▸ AIM OF THE TASK
Which lines below fall between the one containing "Crochet finger puppets" and the one containing "Woman Combing Her"? Repeat them exactly, counting both of those lines, and add nothing else.

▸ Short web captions
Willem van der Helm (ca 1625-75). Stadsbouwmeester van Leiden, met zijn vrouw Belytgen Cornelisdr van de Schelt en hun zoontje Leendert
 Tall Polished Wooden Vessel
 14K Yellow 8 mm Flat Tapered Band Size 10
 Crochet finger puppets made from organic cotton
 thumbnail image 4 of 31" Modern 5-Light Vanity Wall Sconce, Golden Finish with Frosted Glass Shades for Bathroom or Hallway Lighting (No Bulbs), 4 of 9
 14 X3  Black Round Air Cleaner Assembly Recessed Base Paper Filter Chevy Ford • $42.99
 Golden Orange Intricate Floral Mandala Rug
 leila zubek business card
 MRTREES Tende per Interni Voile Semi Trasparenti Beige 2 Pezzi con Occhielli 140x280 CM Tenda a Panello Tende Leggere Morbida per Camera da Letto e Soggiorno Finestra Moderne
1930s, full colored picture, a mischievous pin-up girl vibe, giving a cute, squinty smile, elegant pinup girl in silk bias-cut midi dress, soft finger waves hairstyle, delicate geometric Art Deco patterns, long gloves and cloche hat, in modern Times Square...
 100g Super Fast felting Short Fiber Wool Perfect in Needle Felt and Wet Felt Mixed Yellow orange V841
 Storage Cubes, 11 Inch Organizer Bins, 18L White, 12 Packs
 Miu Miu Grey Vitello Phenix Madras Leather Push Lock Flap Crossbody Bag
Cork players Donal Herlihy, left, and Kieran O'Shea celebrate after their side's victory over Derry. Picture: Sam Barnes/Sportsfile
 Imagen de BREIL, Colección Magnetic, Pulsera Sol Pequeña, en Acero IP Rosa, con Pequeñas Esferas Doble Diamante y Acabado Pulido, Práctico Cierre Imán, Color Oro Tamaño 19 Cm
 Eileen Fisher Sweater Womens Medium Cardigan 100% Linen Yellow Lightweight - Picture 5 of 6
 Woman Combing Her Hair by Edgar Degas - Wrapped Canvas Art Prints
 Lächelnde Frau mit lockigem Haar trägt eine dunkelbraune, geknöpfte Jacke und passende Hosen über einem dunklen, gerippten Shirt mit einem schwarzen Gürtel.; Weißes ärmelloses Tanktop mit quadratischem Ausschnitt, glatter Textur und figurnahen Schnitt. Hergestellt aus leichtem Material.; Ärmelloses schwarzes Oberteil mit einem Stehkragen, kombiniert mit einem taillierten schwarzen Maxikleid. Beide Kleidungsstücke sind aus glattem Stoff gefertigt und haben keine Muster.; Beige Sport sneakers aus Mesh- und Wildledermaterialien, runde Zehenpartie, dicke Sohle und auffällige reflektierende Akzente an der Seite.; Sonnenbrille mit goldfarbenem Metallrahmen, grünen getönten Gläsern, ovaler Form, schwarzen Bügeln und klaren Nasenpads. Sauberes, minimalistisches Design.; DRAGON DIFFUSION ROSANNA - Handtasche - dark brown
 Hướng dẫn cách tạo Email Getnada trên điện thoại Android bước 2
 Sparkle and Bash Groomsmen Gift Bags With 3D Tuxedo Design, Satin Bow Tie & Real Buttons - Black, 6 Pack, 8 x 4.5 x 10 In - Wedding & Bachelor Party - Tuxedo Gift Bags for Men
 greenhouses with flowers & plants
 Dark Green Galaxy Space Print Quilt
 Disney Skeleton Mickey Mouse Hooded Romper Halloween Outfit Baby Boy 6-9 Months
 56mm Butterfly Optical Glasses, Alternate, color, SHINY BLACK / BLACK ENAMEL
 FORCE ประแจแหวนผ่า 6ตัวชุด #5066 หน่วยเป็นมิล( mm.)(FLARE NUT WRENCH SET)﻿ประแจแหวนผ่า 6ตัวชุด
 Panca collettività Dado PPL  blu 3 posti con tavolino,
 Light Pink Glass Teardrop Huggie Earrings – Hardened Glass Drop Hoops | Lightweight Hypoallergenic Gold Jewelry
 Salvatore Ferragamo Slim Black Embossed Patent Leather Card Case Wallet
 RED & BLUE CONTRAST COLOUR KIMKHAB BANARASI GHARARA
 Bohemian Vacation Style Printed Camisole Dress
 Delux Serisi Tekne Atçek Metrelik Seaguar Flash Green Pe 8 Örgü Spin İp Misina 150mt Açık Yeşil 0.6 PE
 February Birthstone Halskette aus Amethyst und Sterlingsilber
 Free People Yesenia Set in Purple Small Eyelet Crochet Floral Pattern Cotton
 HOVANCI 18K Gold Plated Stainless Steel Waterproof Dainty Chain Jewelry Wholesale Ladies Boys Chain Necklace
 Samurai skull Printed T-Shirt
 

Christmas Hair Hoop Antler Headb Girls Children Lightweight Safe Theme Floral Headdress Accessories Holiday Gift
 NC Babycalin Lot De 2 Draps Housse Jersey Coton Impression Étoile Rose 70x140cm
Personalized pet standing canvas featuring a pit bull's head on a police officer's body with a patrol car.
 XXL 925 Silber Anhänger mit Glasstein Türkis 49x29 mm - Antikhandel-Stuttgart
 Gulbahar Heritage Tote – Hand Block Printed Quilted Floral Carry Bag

▸ YOUR RESPONSE
 Crochet finger puppets made from organic cotton
 thumbnail image 4 of 31" Modern 5-Light Vanity Wall Sconce, Golden Finish with Frosted Glass Shades for Bathroom or Hallway Lighting (No Bulbs), 4 of 9
 14 X3  Black Round Air Cleaner Assembly Recessed Base Paper Filter Chevy Ford • $42.99
 Golden Orange Intricate Floral Mandala Rug
 leila zubek business card
 MRTREES Tende per Interni Voile Semi Trasparenti Beige 2 Pezzi con Occhielli 140x280 CM Tenda a Panello Tende Leggere Morbida per Camera da Letto e Soggiorno Finestra Moderne
1930s, full colored picture, a mischievous pin-up girl vibe, giving a cute, squinty smile, elegant pinup girl in silk bias-cut midi dress, soft finger waves hairstyle, delicate geometric Art Deco patterns, long gloves and cloche hat, in modern Times Square...
 100g Super Fast felting Short Fiber Wool Perfect in Needle Felt and Wet Felt Mixed Yellow orange V841
 Storage Cubes, 11 Inch Organizer Bins, 18L White, 12 Packs
 Miu Miu Grey Vitello Phenix Madras Leather Push Lock Flap Crossbody Bag
Cork players Donal Herlihy, left, and Kieran O'Shea celebrate after their side's victory over Derry. Picture: Sam Barnes/Sportsfile
 Imagen de BREIL, Colección Magnetic, Pulsera Sol Pequeña, en Acero IP Rosa, con Pequeñas Esferas Doble Diamante y Acabado Pulido, Práctico Cierre Imán, Color Oro Tamaño 19 Cm
 Eileen Fisher Sweater Womens Medium Cardigan 100% Linen Yellow Lightweight - Picture 5 of 6
 Woman Combing Her Hair by Edgar Degas - Wrapped Canvas Art Prints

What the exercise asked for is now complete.